Wednesday, January 20, 2016

Love Mommy

Dear Piper,

20 wks
I don't know you yet, and yet I do. I know you are our most active, pre-birth, yet. I know you bring me security and reassurance with those kicks. I know you are our third girl and having two sisters will be the biggest blessing and challenge of your life. I know you have many arms waiting to hold you, and help take care of you. I know you are safe and healthy. I know you are growing big and strong, but not too big. I know soon life will change for you quickly and it will be scary, but I will be there. I know you will recognize Daddy's voice and I know he wants you to be a snuggler so indulge him.

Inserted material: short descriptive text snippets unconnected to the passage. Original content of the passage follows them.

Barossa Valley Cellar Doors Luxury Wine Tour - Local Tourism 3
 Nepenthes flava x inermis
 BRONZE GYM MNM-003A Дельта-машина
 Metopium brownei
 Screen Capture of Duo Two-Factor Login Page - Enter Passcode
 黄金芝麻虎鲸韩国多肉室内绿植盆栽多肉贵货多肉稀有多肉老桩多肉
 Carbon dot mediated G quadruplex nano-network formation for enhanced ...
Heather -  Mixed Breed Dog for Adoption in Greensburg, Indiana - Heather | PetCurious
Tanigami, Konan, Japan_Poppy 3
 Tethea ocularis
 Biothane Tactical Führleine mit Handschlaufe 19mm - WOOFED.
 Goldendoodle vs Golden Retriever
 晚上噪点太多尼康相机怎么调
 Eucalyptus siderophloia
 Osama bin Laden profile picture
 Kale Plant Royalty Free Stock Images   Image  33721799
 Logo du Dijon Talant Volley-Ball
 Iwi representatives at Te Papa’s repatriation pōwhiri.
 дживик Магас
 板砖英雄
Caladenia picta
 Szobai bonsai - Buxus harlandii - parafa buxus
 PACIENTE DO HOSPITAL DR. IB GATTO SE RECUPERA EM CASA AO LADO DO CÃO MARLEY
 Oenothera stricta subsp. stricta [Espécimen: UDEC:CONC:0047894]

I know you are going to be happy, because you have a lot of people ready to make sure you are. I know you are loved, and each day we wait our anticipation grows.

I'll be honest originally I thought we were in for a boy, but it didn't take much getting used to, (well it took Connor a little time), another girl. I see little girls everywhere I look and think "Wow, I am lucky." I think of you with your sisters one day, three little girls all dressed up on Sunday doing their best to catch Daddy's attention, I think of your sisters and all the crazy antics they get into and I think of the hair, dolls, and tea times. And my heart flutters and I get butterflies knowing that I am one lucky woman to be a Mother to another little girl.

Your arrival is fast approaching, I am officially 9 months pregnant with you. My body is stretched and tired and aches and yearns for your soon to be birth. And the fact that you could join our family any day now, occupies much of my thoughts. Even though you are our fourth little baby and I have been busy; every month, week, and even day seem to pass so slowly by. We are anxious for you; to have you settled in our home, to have your skin to kiss, and even to have your sweet cries to remind us we are blessed

37 wks
Your brother and sister pray for your arrival each and every night to say they are excited is an understatement. They love feeling you kick. They are a little scared of Mom's belly popping to let you out, but despite that they can't wait. Especially Connor. They talk about you daily, what you'll look like, what they will do with you, where they will be when you come, when they will get to see you, where will you sleep. We talk lots and lots about being soft and gentle with you and about holding you and kissing you and singing to you and watching you sleep and about knowing that all your little and big cries are how you tell us what you need. I think they are ready. Are you?

There isn't much waiting time left, so for now we will do our best to keep busy and try hard to make the next couple weeks pass quickly while we wait, to meet our baby Piper Scarlet. How deeply I have fallen in love with you already, you'll never know.